■ ASSIGNMENT: Pictures stay out of the copy. Repeat exactly the lines from the first entry below through the line that contains "Комплект A4Tech Fstyler", and nothing beyond.

■ SOURCE RECORDS:
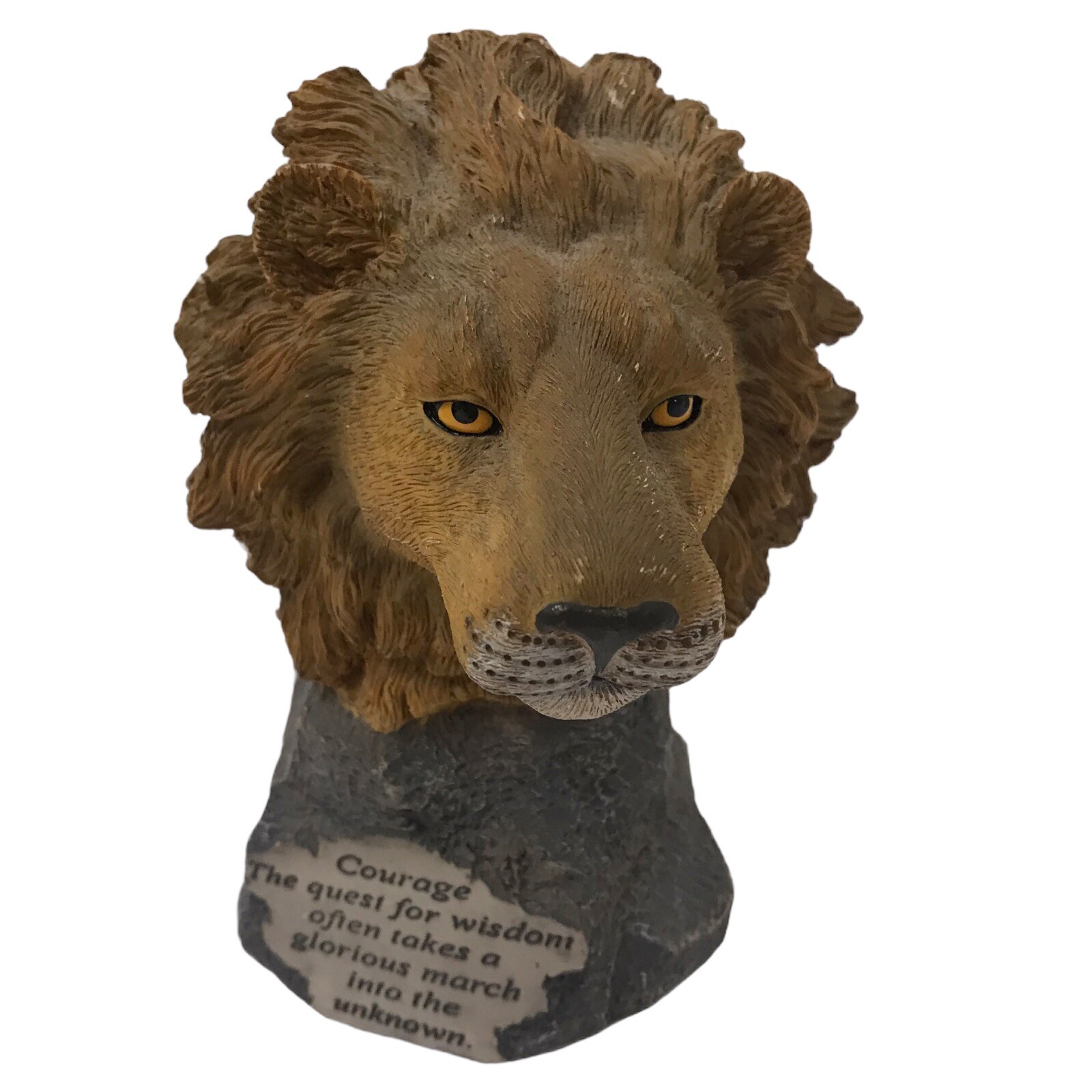 HERCO GIFT PROFESSIONAL STUNTING LION  WEIGHT 2 LB.6 OZ. –6.5 INCHES TALL 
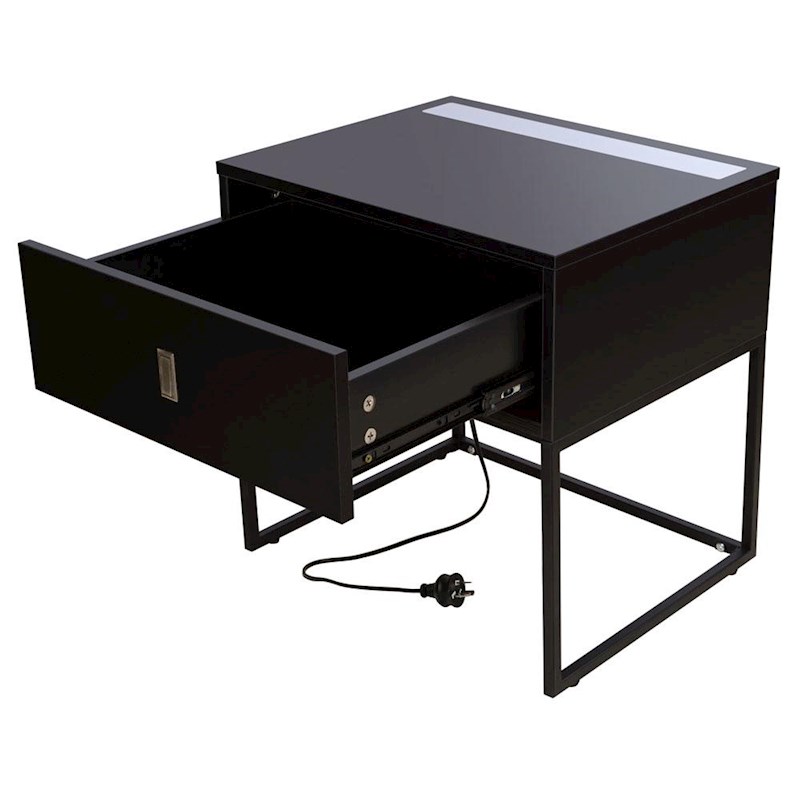 Illuminate Bedside Table With Led Light Black Buy Bedside Tables 185100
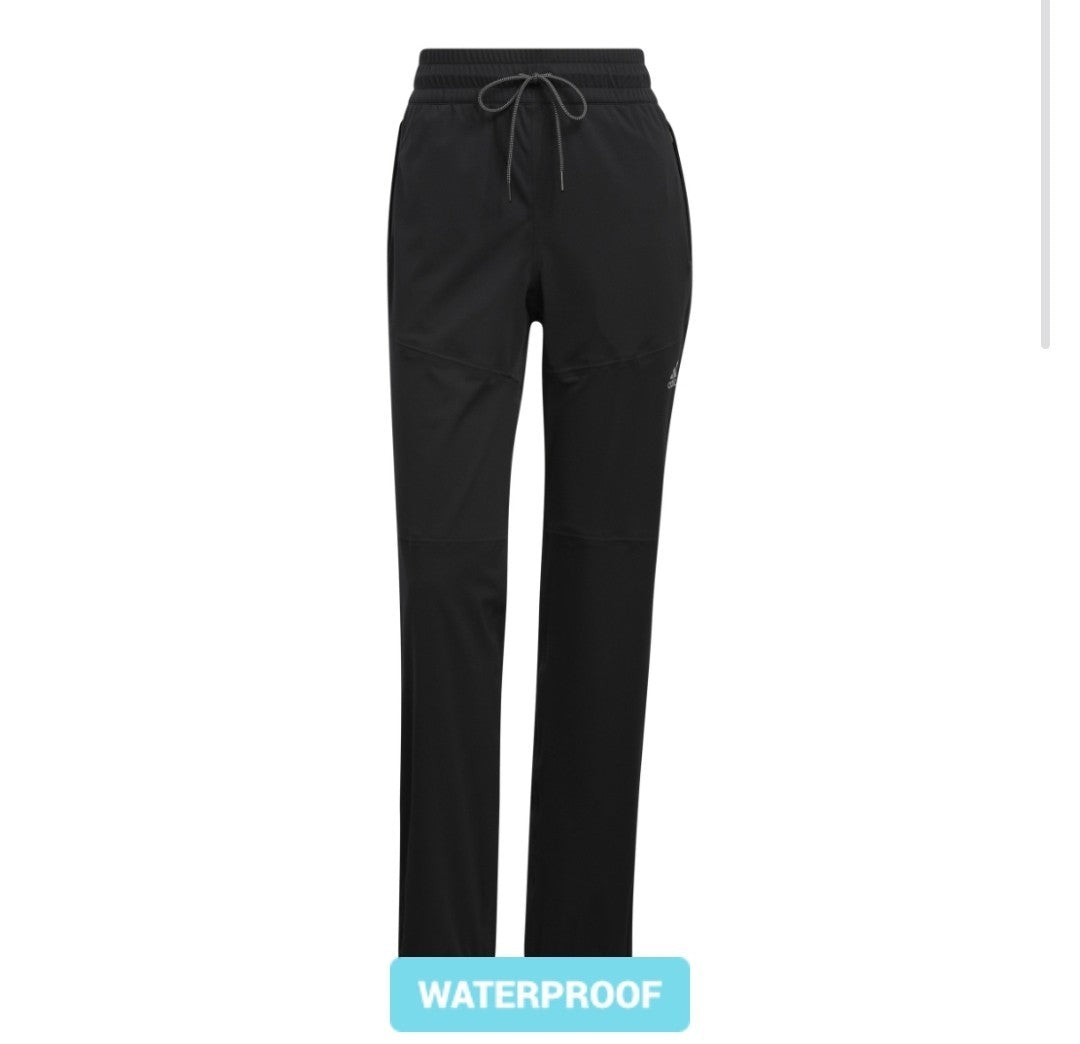 adidas Ladies Rain.RDY Waterproof Golf Trousers HI5598 Black Size XL *BRAND NEW*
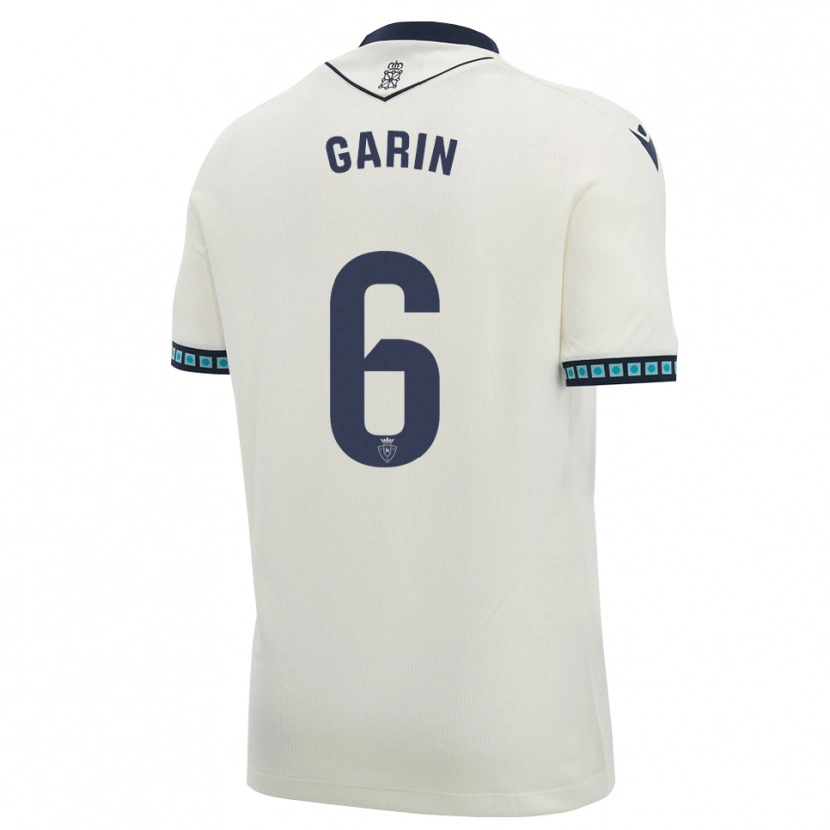 Danxen Mulher Camisola Xabi Garin #6 Branco Preto Azul Céu Claro Alternativa 2026/27 Camisa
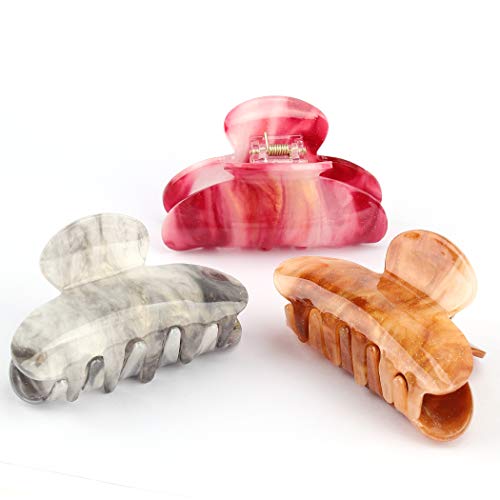 Hair Clips for Women 3.4 Inch Medium KICOSY Hair Claw Clips Hair Clip Claw Hair Clips for Thick Hair Banana Clips Hair Claw Clips for Thick Hair Claws Clips for Hair Cute Hair Clips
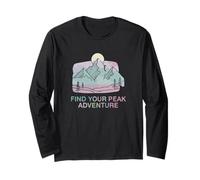 Trova la Tua Avventura Amanti della Natura e Design Explorer Maglia a Manica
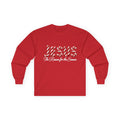 Jesus – The Reason for the Season Christmas Long Sleeve Shirt -Unisex Ultra Cotton Long Sleeve Tee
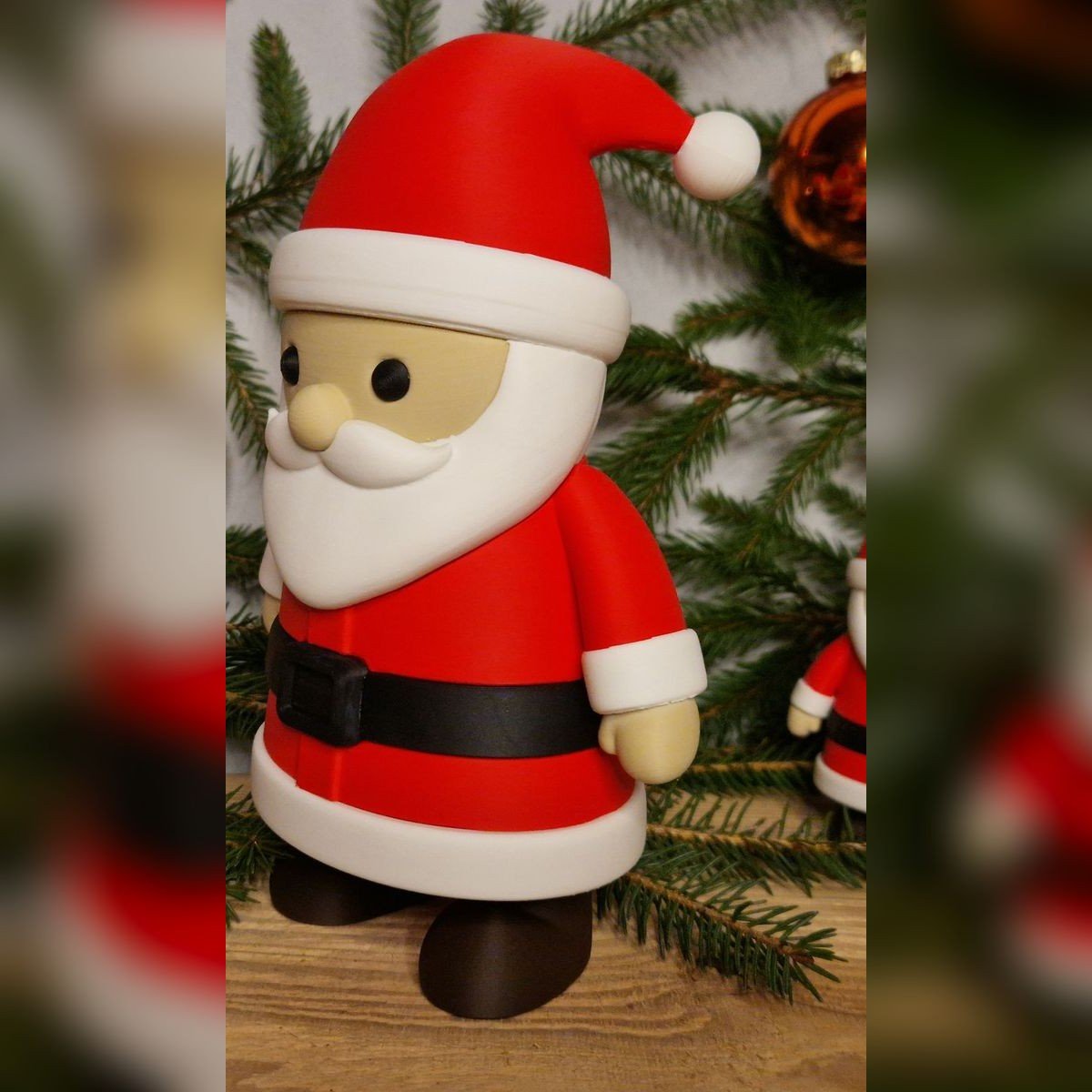 Papá Noel Decorativo Navideño 19 cm - foto 4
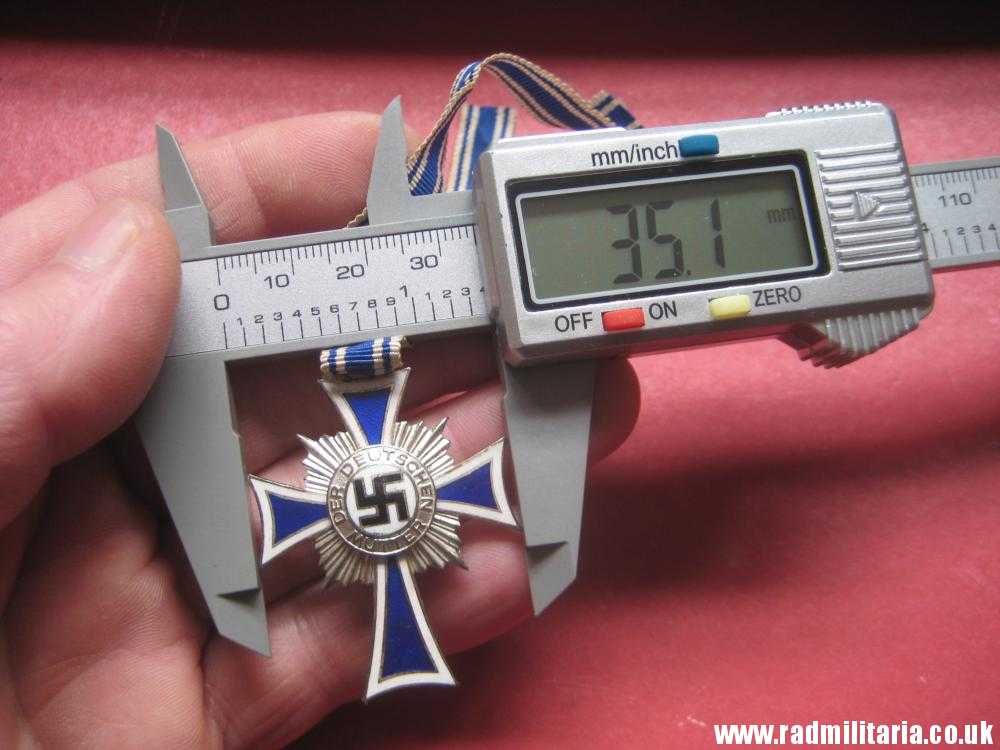 & WW2 original German Cross of Honor of the German Mother, silver class. - Image 18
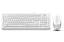Комплект A4Tech Fstyler Sleek Multimedia Comfort F1010, белый, клавиатура+мышь, USB - миниатюра 1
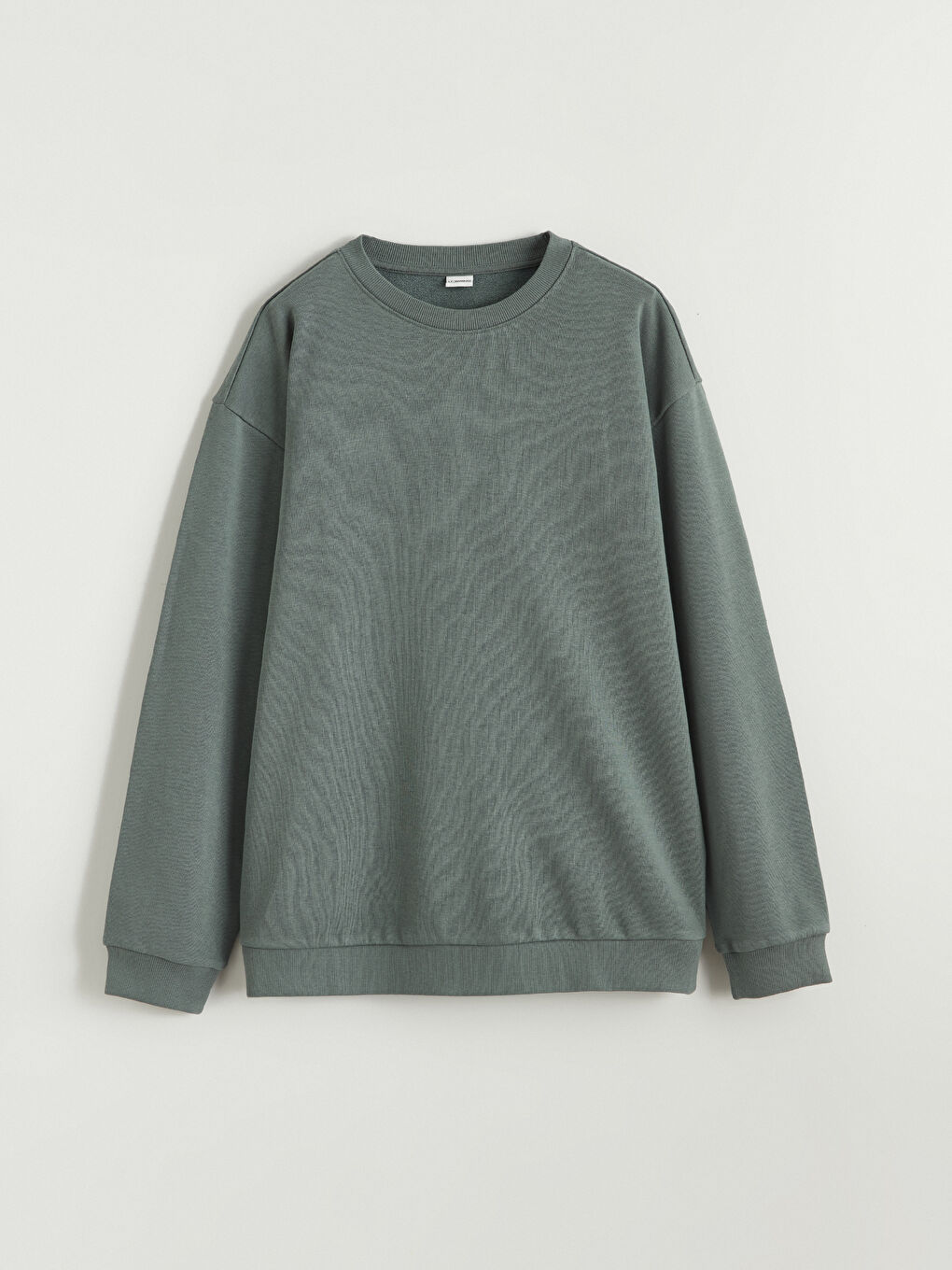 Yeşil Bisiklet Yaka Erkek Çocuk Sweatshirt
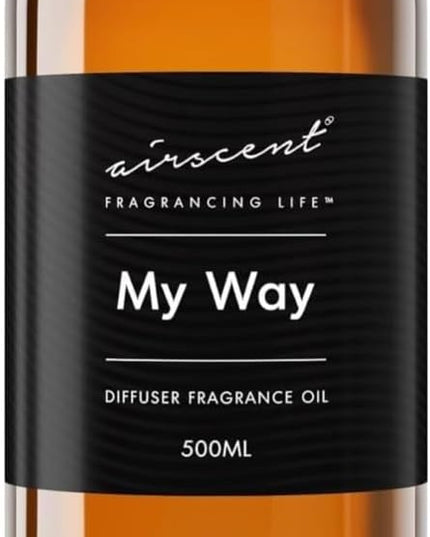 AirScent My Way Diffuser Oil Inspired by The 1 Hotel Miami Scent - Premium Fragrance Oil Blend for Ultrasonic and Waterless Diffusers and Crafting - 500 mL, 16.9 fl oz Glass Bottle
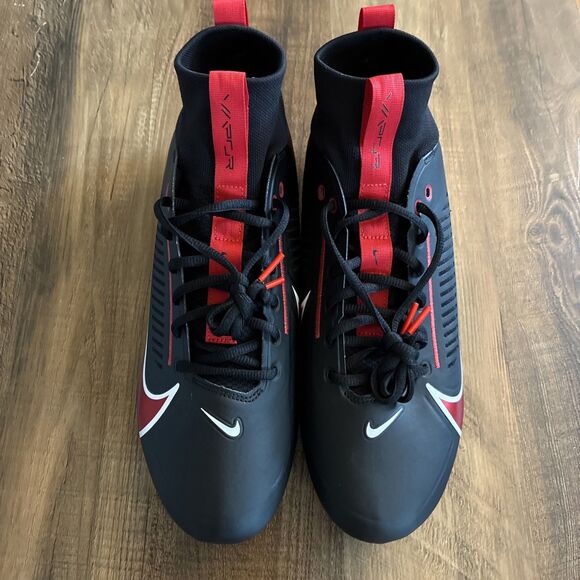 Nike Vapor Edge Pro 360 2 TB Black Red Men Size 13 Football Cleats FN7759-006 main image 6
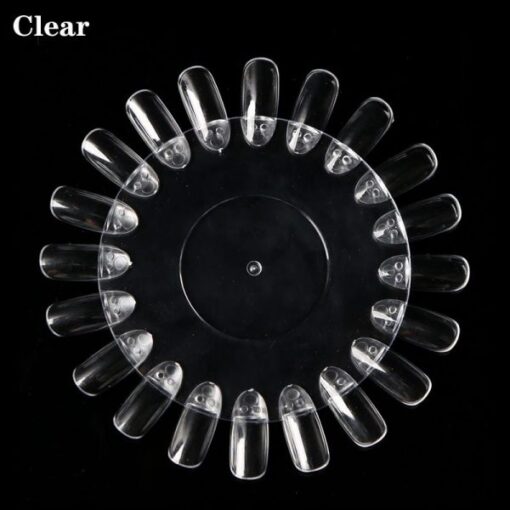 20 Tips Detachable Nail Art Gel Polish Display Round Practice Wheel-7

■ ANSWER TO THE PROBLEM:
 HERCO GIFT PROFESSIONAL STUNTING LION  WEIGHT 2 LB.6 OZ. –6.5 INCHES TALL 
 Illuminate Bedside Table With Led Light Black Buy Bedside Tables 185100
 adidas Ladies Rain.RDY Waterproof Golf Trousers HI5598 Black Size XL *BRAND NEW*
 Danxen Mulher Camisola Xabi Garin #6 Branco Preto Azul Céu Claro Alternativa 2026/27 Camisa
 Hair Clips for Women 3.4 Inch Medium KICOSY Hair Claw Clips Hair Clip Claw Hair Clips for Thick Hair Banana Clips Hair Claw Clips for Thick Hair Claws Clips for Hair Cute Hair Clips
 Trova la Tua Avventura Amanti della Natura e Design Explorer Maglia a Manica
 Jesus – The Reason for the Season Christmas Long Sleeve Shirt -Unisex Ultra Cotton Long Sleeve Tee
 Papá Noel Decorativo Navideño 19 cm - foto 4
 & WW2 original German Cross of Honor of the German Mother, silver class. - Image 18
Комплект A4Tech Fstyler Sleek Multimedia Comfort F1010, белый, клавиатура+мышь, USB - миниатюра 1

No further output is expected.